## Exercise data

---

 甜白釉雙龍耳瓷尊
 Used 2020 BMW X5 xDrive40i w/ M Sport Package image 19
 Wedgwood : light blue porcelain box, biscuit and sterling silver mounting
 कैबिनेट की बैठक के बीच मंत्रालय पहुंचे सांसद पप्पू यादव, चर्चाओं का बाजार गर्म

---

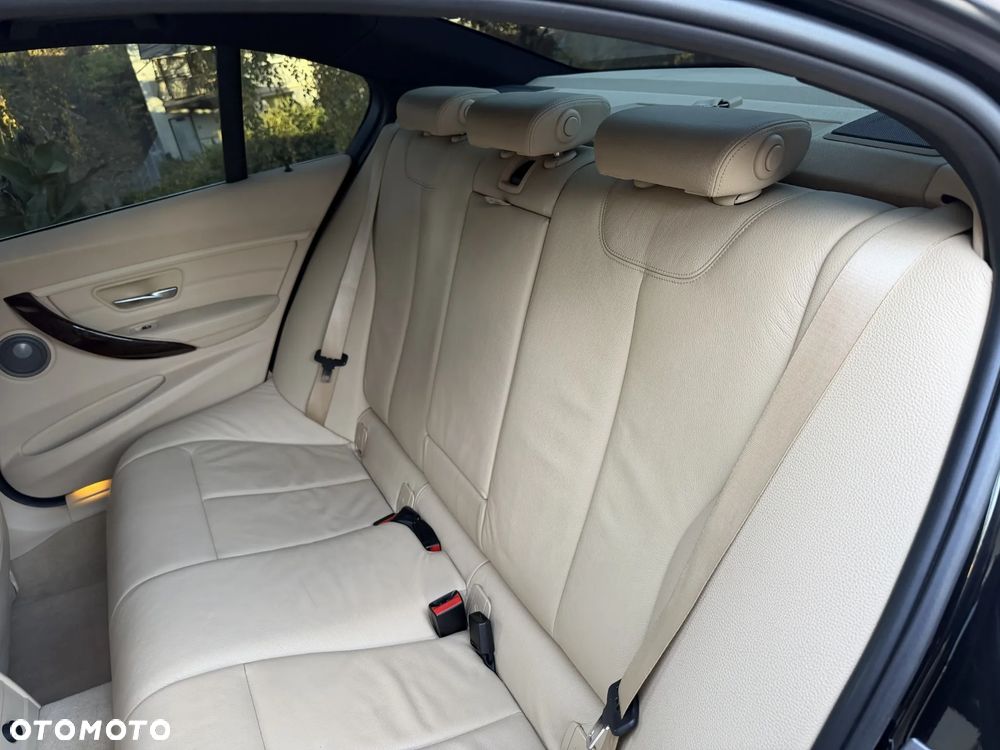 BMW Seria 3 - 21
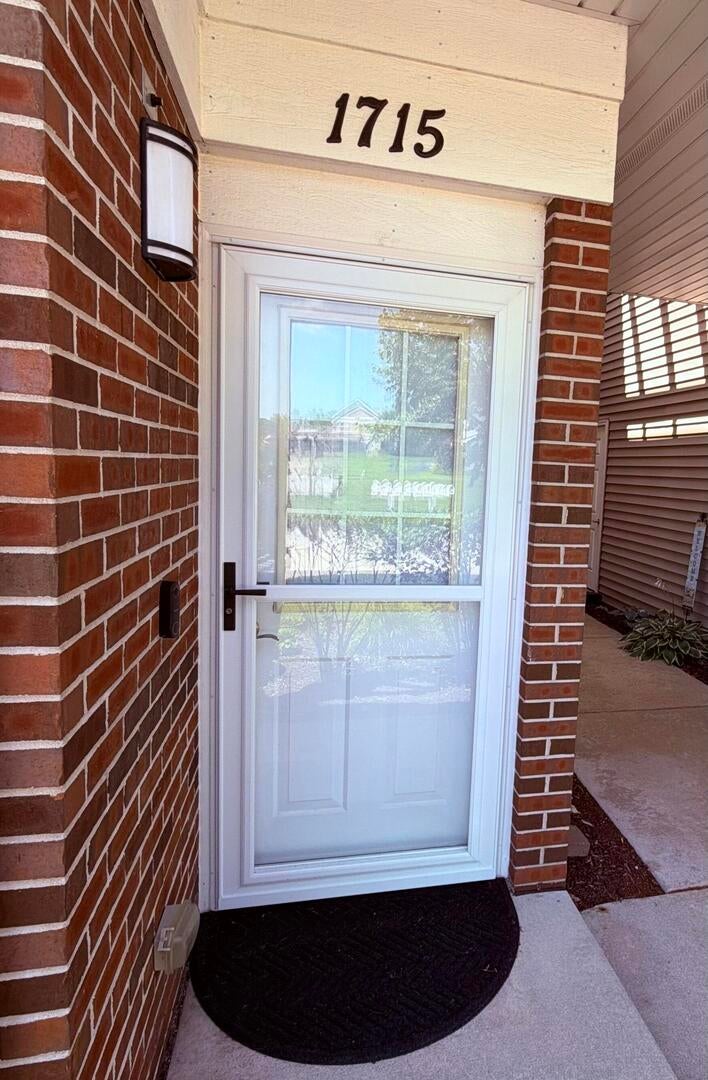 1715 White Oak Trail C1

---

## Task goal
Print exactly the lines above from the one with "Used 2020 BMW" to the one with "कैबिनेट की बैठक", including both.

## Solved problem
 Used 2020 BMW X5 xDrive40i w/ M Sport Package image 19
 Wedgwood : light blue porcelain box, biscuit and sterling silver mounting
 कैबिनेट की बैठक के बीच मंत्रालय पहुंचे सांसद पप्पू यादव, चर्चाओं का बाजार गर्म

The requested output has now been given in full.